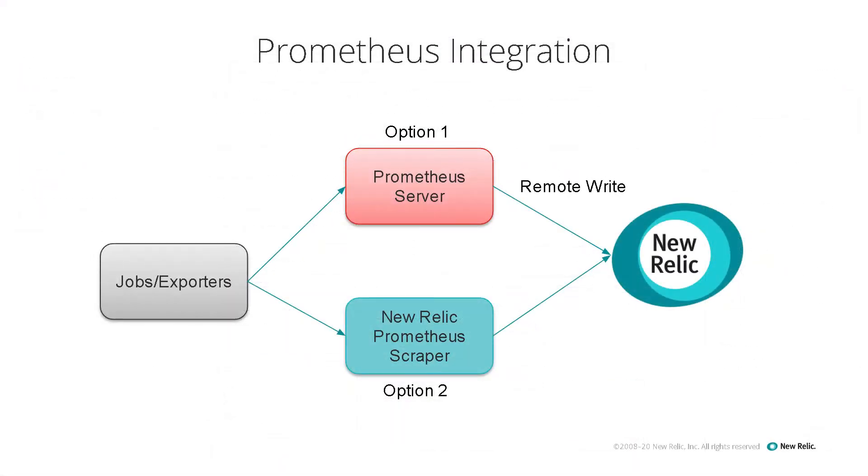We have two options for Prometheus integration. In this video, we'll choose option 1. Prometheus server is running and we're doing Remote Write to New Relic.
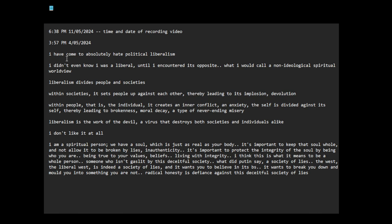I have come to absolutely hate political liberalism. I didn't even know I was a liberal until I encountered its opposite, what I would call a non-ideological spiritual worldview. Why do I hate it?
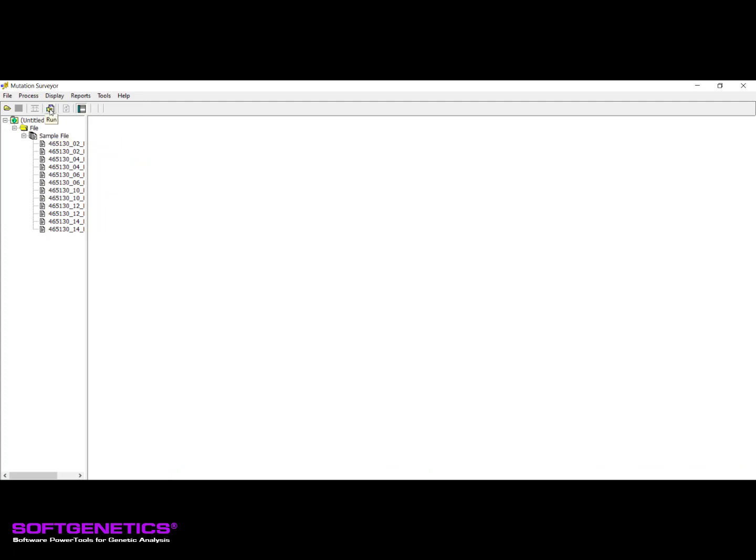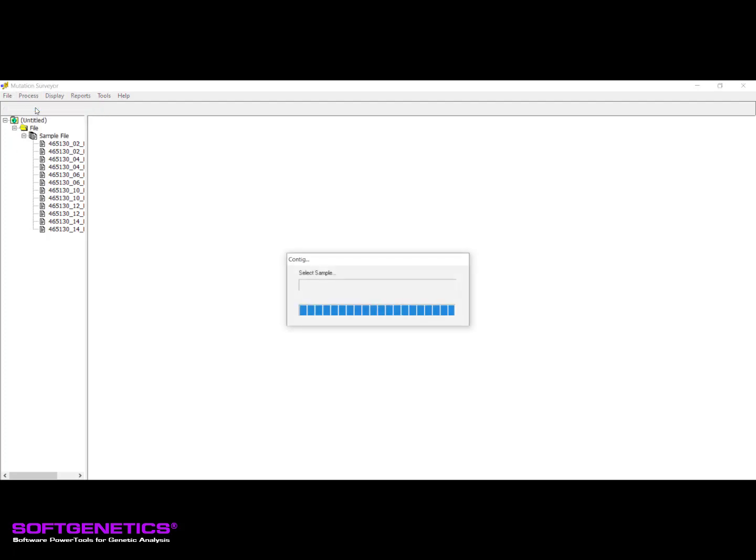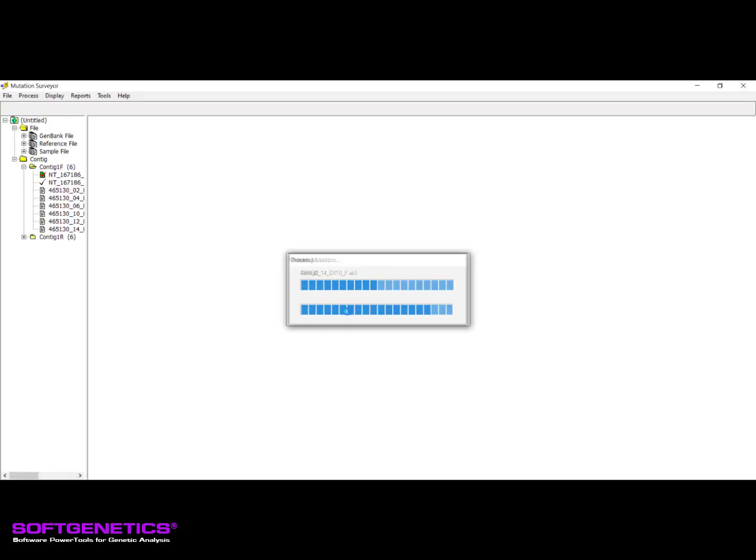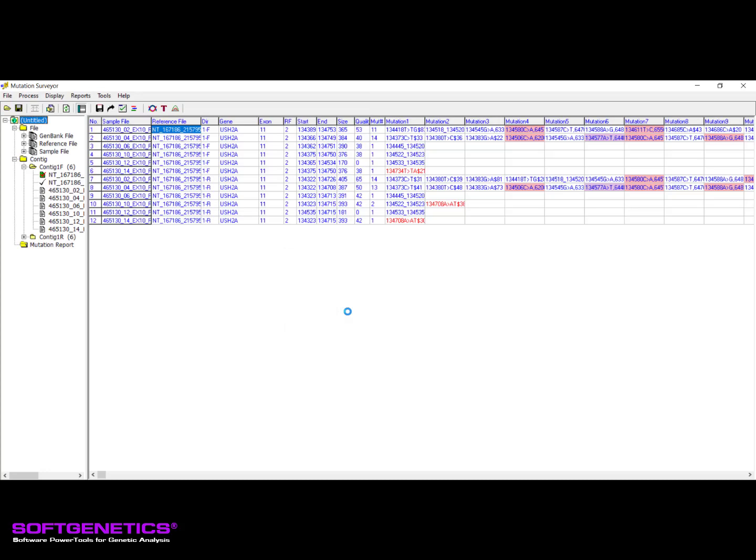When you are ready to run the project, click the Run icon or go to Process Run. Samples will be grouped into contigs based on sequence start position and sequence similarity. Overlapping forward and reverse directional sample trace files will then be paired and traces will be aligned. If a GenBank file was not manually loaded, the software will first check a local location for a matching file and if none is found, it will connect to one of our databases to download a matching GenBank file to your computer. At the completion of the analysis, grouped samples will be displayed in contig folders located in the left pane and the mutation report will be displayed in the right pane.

▸ Problem description
Could the listing above be printed again in full, with every picture omitted?

▸ Solution for this problem
We have two options for Prometheus integration. In this video, we'll choose option 1. Prometheus server is running and we're doing Remote Write to New Relic.
I have come to absolutely hate political liberalism. I didn't even know I was a liberal until I encountered its opposite, what I would call a non-ideological spiritual worldview. Why do I hate it?
When you are ready to run the project, click the Run icon or go to Process Run. Samples will be grouped into contigs based on sequence start position and sequence similarity. Overlapping forward and reverse directional sample trace files will then be paired and traces will be aligned. If a GenBank file was not manually loaded, the software will first check a local location for a matching file and if none is found, it will connect to one of our databases to download a matching GenBank file to your computer. At the completion of the analysis, grouped samples will be displayed in contig folders located in the left pane and the mutation report will be displayed in the right pane.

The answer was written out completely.